If you're writing a library aiken docs is a powerful utility to generate HTML documentation from types, type annotations and comments. Abuse it!

Finally, once compiled, you may look at the aiken blueprint command group to generate addresses, apply parameters and convert the build output to various formats.

Project structure

Folder organisation

Aiken projects divide their source code in two categories: library code, and application code. Library code must be located in a lib folder, and application code (i.e. on-chain validators) located in a validators folder.

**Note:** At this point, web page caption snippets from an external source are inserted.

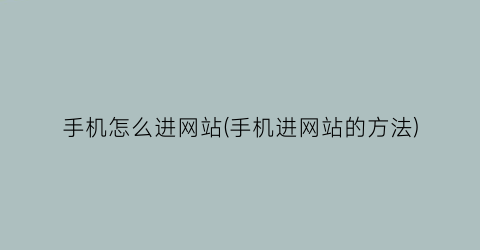 “手机怎么进网站(手机进网站的方法)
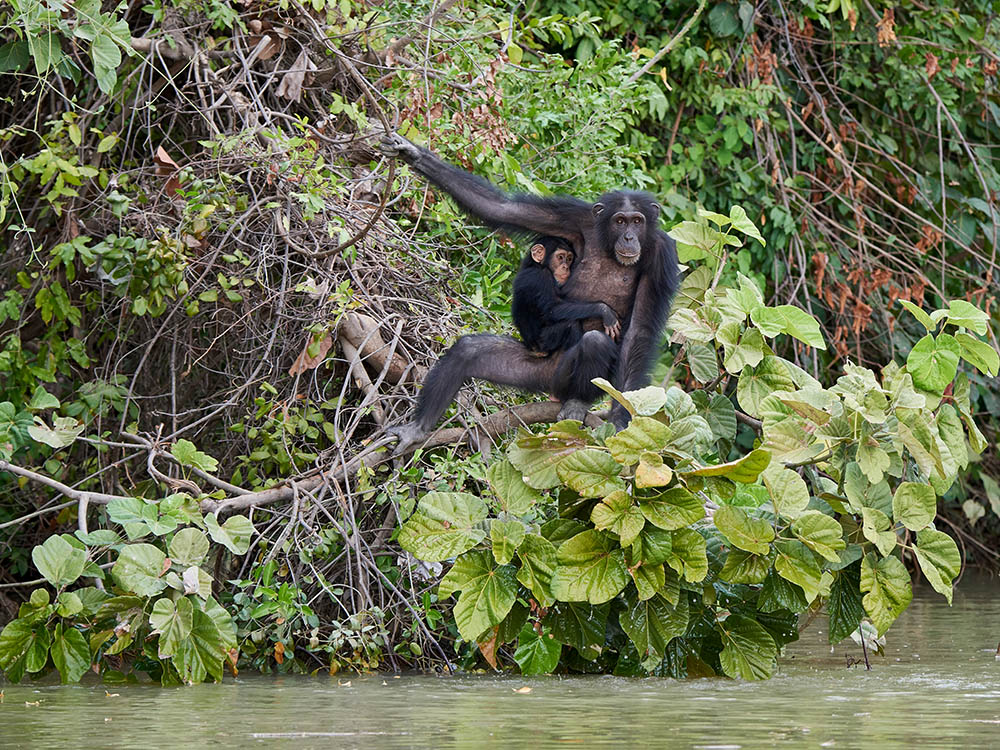 Chimpanzees at the Chimpanzee Rehabilitation Project, an island sanctuary located in the River Gambia National Park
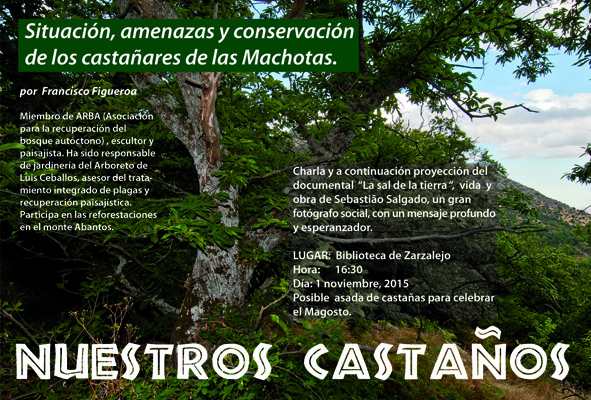 Casta%25C3%25B1os.jpg
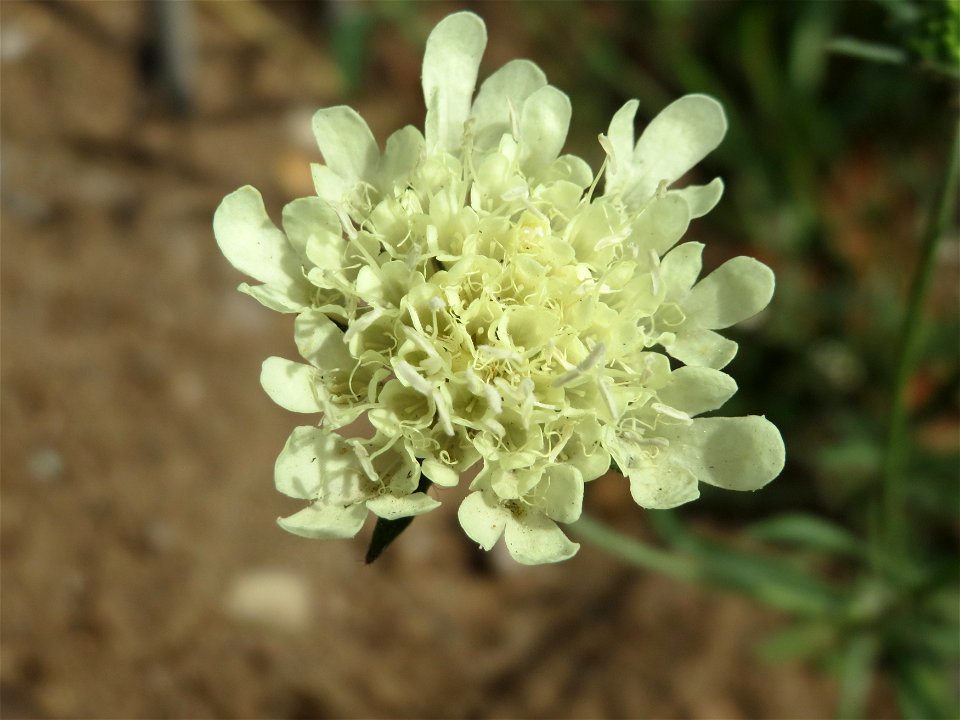 Gelbe Skabiose (Scabiosa ochroleuca) in Hockenheim-Talhaus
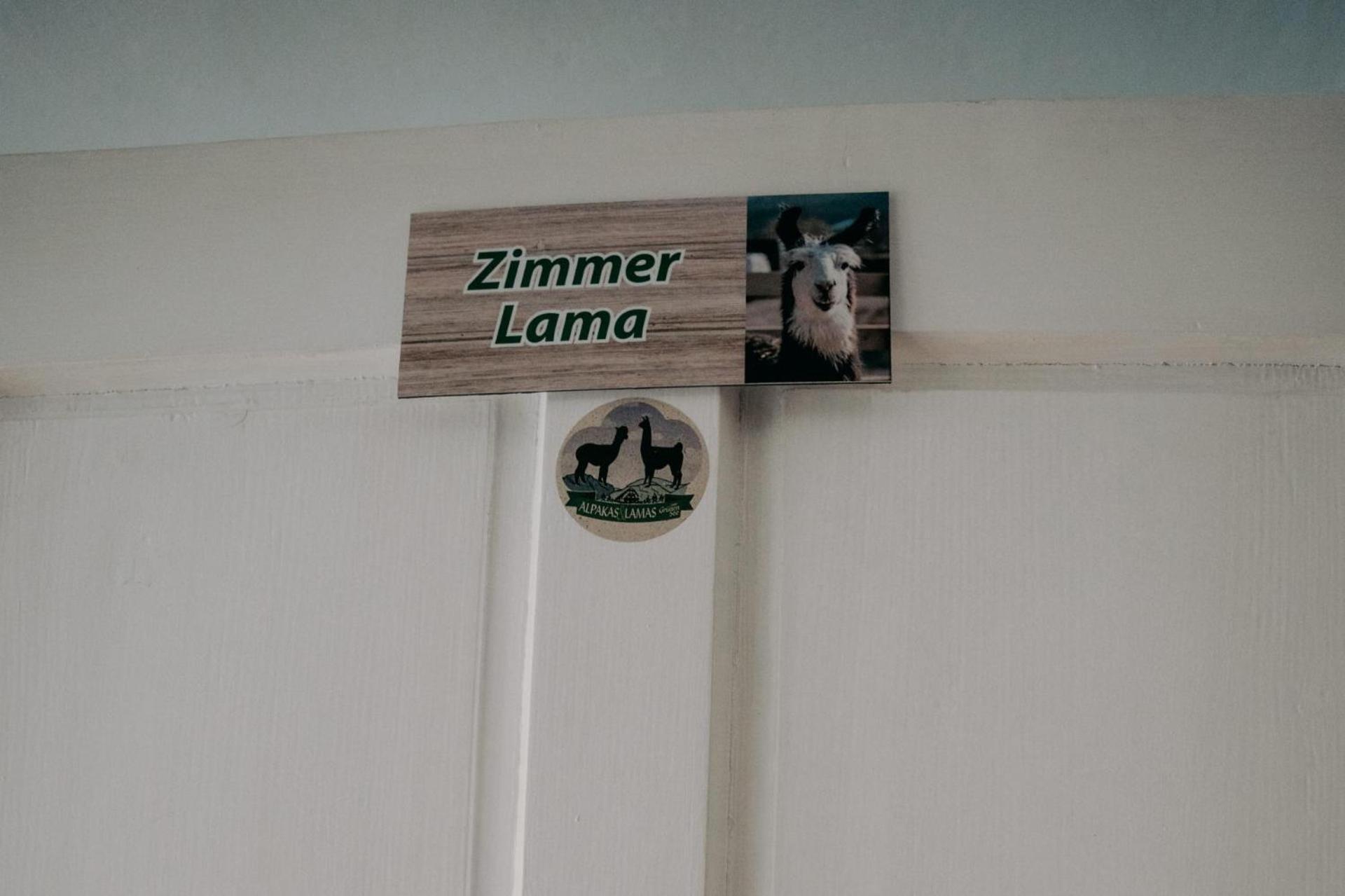 Alpakas, Lamas Und Rentiere Zum Gruenen See Grossdorf  Exterior foto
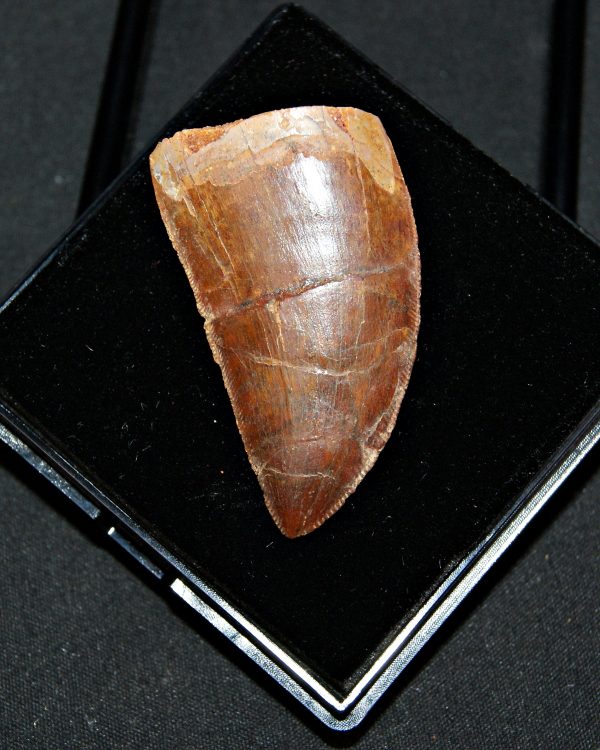 Carcharodontosaurus saharicus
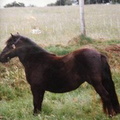 Jay (Juniper Of Meinciau), black shetland mare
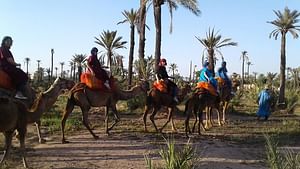Camel ride at sunset in Marrakech palm grove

After compilation, the compiler will generate a Plutus blueprint (plutus.json), which is an interoperable document that summarizes your project. The blueprint also contains compiled code for each validator of your project and their corresponding hash digests to be used in addresses.

Configuration

A project has a top-level aiken.toml file at its root containing metadata about the projects, as well as dependencies required by it. Here's a sample of (documented) project configuration:

aiken.toml
# Project's name, as {organisation}/{project}
name = "acme/foo"
 
# Project's version, we recommend semantic versioning for libraries
version = "1.0.0"
 
# One or more license(s); we recommend Apache-2.0 or MPL-2.0 for open source
# projects.
licences = ["Apache-2.0"]
 
# An informative albeit short description of the project.
description = "A next-level DeFi platform"
 
# Optional section, gives additional structured information on a project to
# show in generated documentation.
[repository]
platform = "github"   # Platform type, `github`, `gitlab` or `bitbucket`
user = "aiken-lang"   # Username or organisation on that platform
project = "stdlib"    # Repository or project on that platform
 
# A list of dependencies
#
# Leave as:
#
#     dependencies = []
#
# If you have none.
#
# Avoid editing by hand, use `aiken packages` to manage them.
[[dependencies]]
name = "aiken-lang/stdlib"   # Project's name
version = "main"             # Version, as a branch or git commit hash
source = "github"            # Platform type, `github`, `gitlab` or `bitbucket`

Well-known packages & modules

Aiken's prelude

The prelude contains a minimum set of functions, constructors and modules available by default to all Aiken projects. You can find it on aiken-lang/prelude (opens in a new tab) and at the bottom of this website.

Aiken's standard library

The standard library (or stdlib in short) gathers useful functions and data-structures that might come in handy in your Aiken programming journey. It's also a good reference of well-written and well-tested Aiken code if you need some examples to get started with. You can find it on aiken-lang/stdlib (opens in a new tab) and at the bottom of this website.